Reprenons la genèse. Le collectif tg STAN se forme à la fin des années 80, fondé par Jolente De Keersmaeker, Damiaan De Schrijver et Frank Vercruyssen – qu’on retrouve dans Poquelin II – à la sortie du Conservatoire d’Anvers. Leur credo est d’appliquer un fonctionnement collectif total dans chaque prise de décision et de mettre en lumière le comédien dans sa force de création et d’interprétation : la démocratie et l’invention au pouvoir ! Dans le répertoire pluriel du tg STAN, on avait déjà vu apparaître Molière avec Poquelin en 2003. Quelques années plus tard, et après une création en néerlandais, Poquelin II est adapté dans sa version française, et joue sa première belge au Théâtre des Tanneurs.
La pièce, maintenant. Partant des textes de l’Avare et du Bourgeois Gentilhomme, joués tour à tour sur le même espace relativement nu (une estrade en bois sur et autour de laquelle gravitent les comédiens), la trame de Molière trouve une vibration nouvelle dans le verbe et la verve du tg STAN. Ici, l’on grossit les traits des jeux d’amour, les quiproquos, les caractères. L’avarice d’Harpagon (Willy Thomas) et le ridicule Monsieur Jourdain (Damiaan De Schrijver) se voulant noble sont accentués à l’extrême, rendant les intrigues à la fois cousues de fil blanc et désopilantes. Ce sont des éléphants dans des magasins de porcelaine, mais des éléphants distillant avec un rythme grandiose les saillies verbales de Molière et revisitant sa force comique à partir de la matière vivante du texte. Il faut voir le monologue de la cassette ponctué de grands gestes, la dérision des révélations avec ses grands "oh", ses gros "ah", ou le défilé farcesque des professeurs se jouant de la crédulité du bourgeois arriviste... Le grotesque trouve une plus belle expression encore par le truchement des costumes, mi-kitsch mi-absurde, et le jeu autour du français ancien dont on s’amuse des difficultés et des faux rythmes.
Le jeu, surtout ! C’est là le sel de ce spectacle : s’appropriant ces deux pièces classiques et leur portée burlesque, la place centrale est laissée au comédien.
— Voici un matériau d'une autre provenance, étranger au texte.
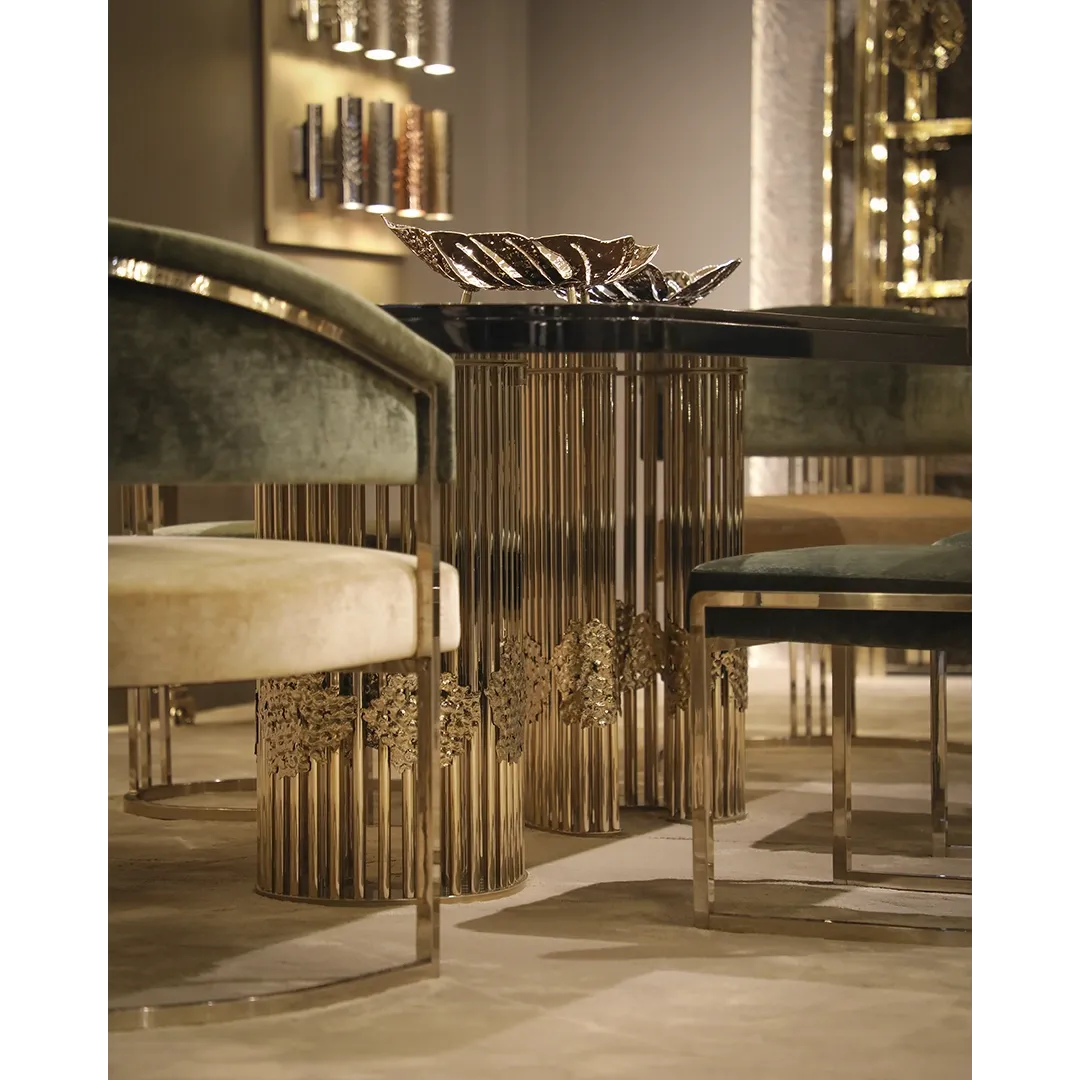 /storage/Magma Dining Table by Castro Lighting, a luxury dining table handcrafted in Portugal with a sculptural brass base inspired by molten magma and a refined tabletop for contemporary dining rooms.
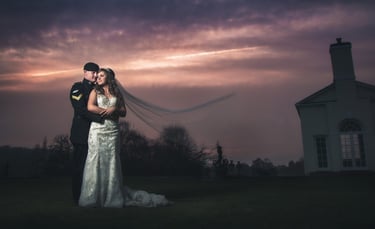 Military wedding couple embracing at sunset with a flowing bridal veil and manor house background.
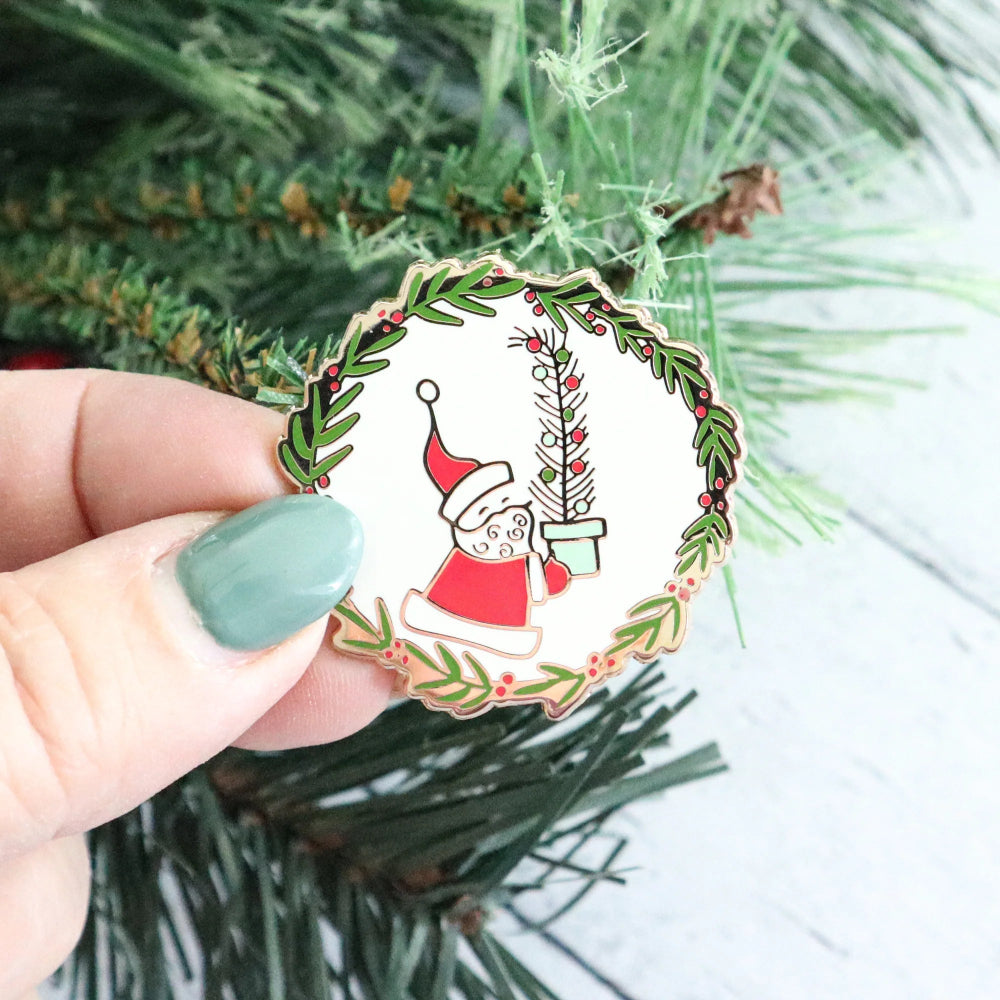 Christmas-themed Vintage Santa Magnetic Needle Minder on a green leafy background.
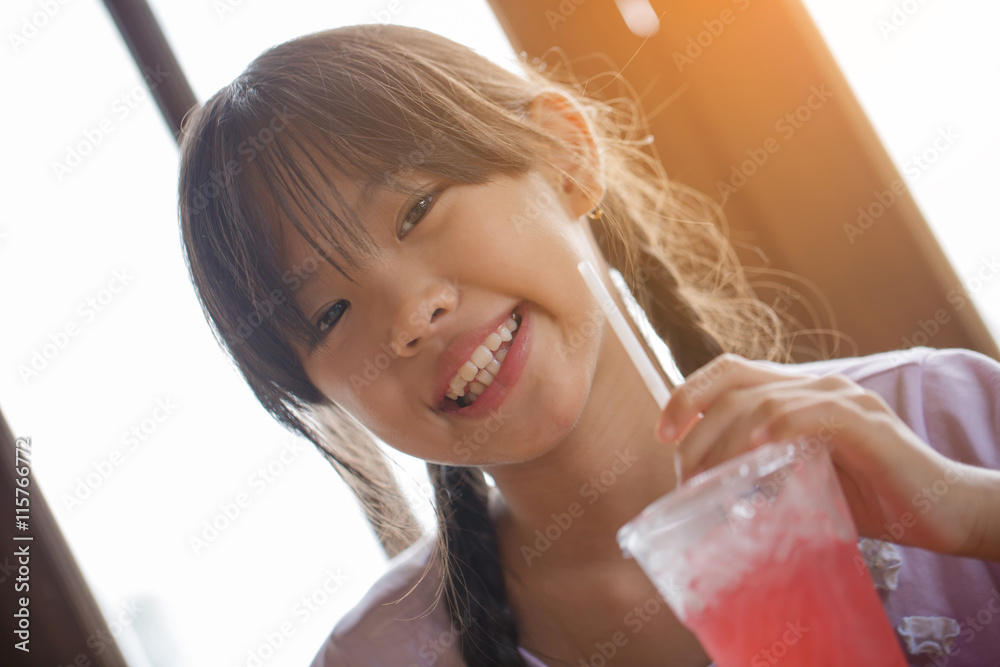 Happy Asian girl drinking ice strawberry smoothie in cafe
Et chacun, chacune sur cette estrade en bois semble prendre un malin plaisir à revisiter Molière, ses conflits verbaux, ses transitions exagérées, ses coups de théâtre. Poussés à leur paroxysme, les personnages caractérisés s’amusent d’eux-mêmes, et par là ce sont les comédiens qui s’amusent dans le jeu. Rayonnants, créatifs, extravagants, ils se partagent la scène avec une joie déjantée pour prendre et décaler la mesure du texte dans une liberté qui fait plaisir à voir. L’arrivée du consul turc et le mariage dansant illustrent bien cela : la comédie prend son élan sur le texte pour s’envoler à la faveur du jeu des comédiens, s’amusant de la langue et du théâtre de Molière.